By Shwe Yee Saw Myint an& Yimou Lee
YANGON
Myanmar's army-controlled home ministry is investigating
a cover-up by the country's border force of the deaths in custody of two
Rohingya Muslims in troubled Rakhine State, according to a police report
reviewed by Reuters and interviews with two senior security officials.
The internal document is the first official admission of
serious wrongdoing by security forces in their crackdown against insurgents in
northwestern Myanmar that has sent more than 70,000 people fleeing across the
border to Bangladesh.
When contacted by Reuters, the Home Affairs Ministry
denied an investigation was under way, but the commander of the Border Guard
Police (BGP) in the area where the incident took place and a senior home
ministry security official confirmed the authenticity of the document and said
it was not the only such case that was being looked into.

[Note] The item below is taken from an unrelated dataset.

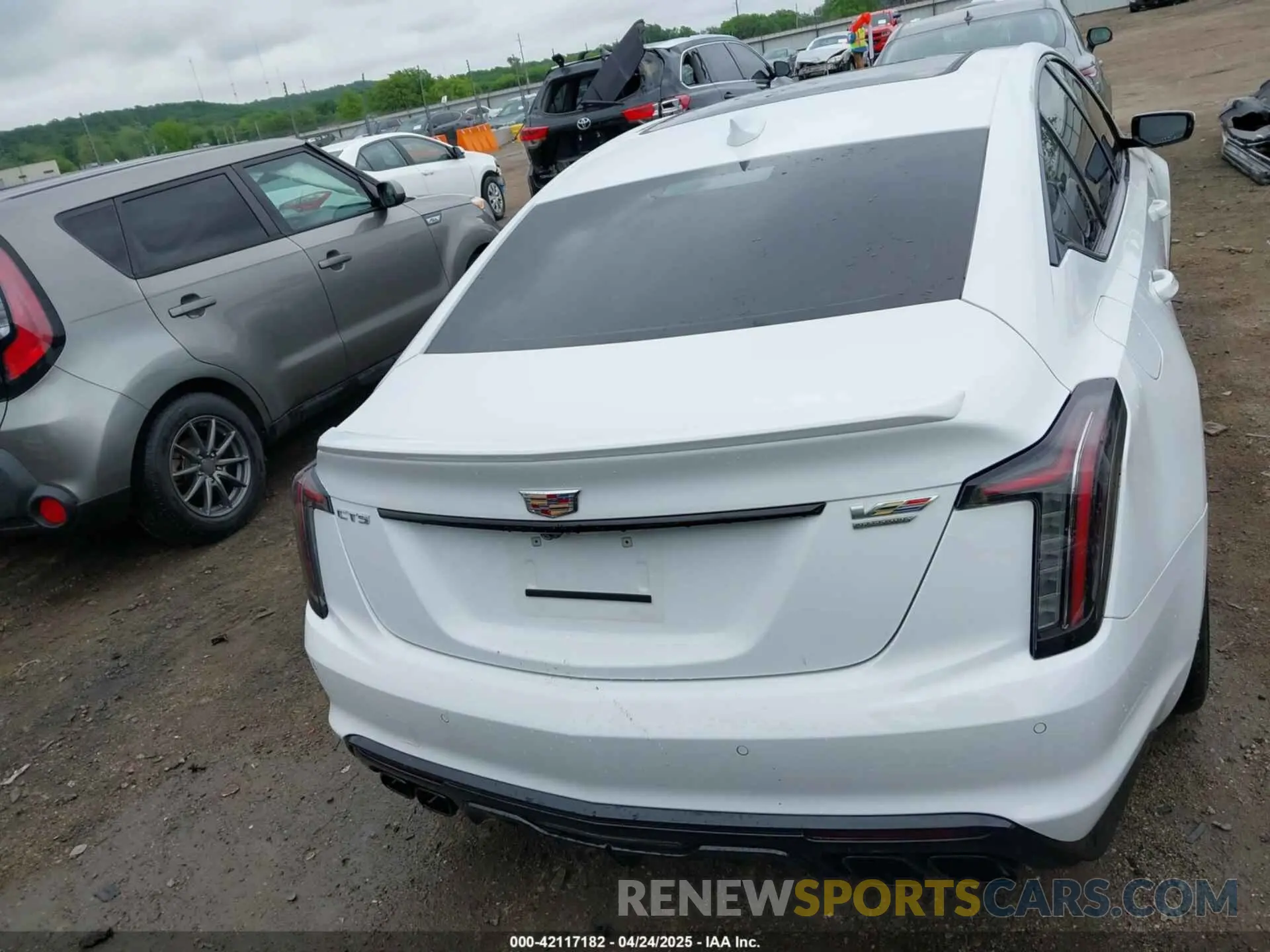 16 fotografías del automóvil dañado 1G6DY5R61P0810684 CADILLAC CT5-V 2023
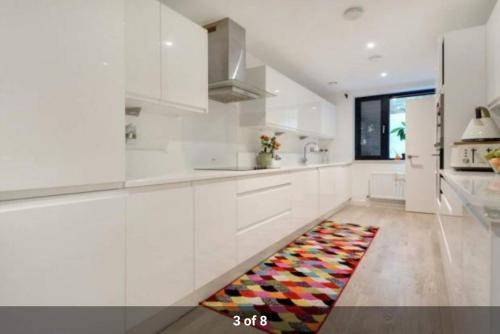 London Holiday Home Newly refurbished - Entire 4 Bedroom Private House with Kitchen, Living Room & private Garden - 1 Cape House London, Within 30 mins from Central London, London Bridge & Canary wharf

The home ministry oversees the national police force,
which includes the BGP. The ministry is headed by an army general.
Myanmar is under growing international pressure to take
action against those who are alleged to have committed atrocities in Rakhine.
The United Nations has documented mass killings and rapes it says may amount to
crimes against humanity.
About 1.1 million Rohingya Muslims live in apartheid-like
conditions in northwestern Myanmar, where they are denied citizenship. Many in
Buddhist-majority Myanmar regard them as illegal immigrants from Bangladesh.
The civilian government led by Nobel laureate Aung San
Suu Kyi has repeatedly denied almost all allegations against the country's
still-powerful armed forces during what it has said was a lawful
counterinsurgency campaign that began in October.
"NOT TELLING THE TRUTH"
The undated document reviewed by Reuters, titled "A
cover-up of two deaths by Border Guard Police", was compiled by a BGP unit
in northern Rakhine and focuses on two men who were arrested on Oct. 18 and
questioned on suspicion of aiding insurgents.
The men died in custody, the document says, without
specifying a cause of death. Instead of reporting the deaths, it says BGP
officers in the village of Nga Khu Ya, in Maungdaw township, recorded that they
had been transferred, with eight others, to another police detention center.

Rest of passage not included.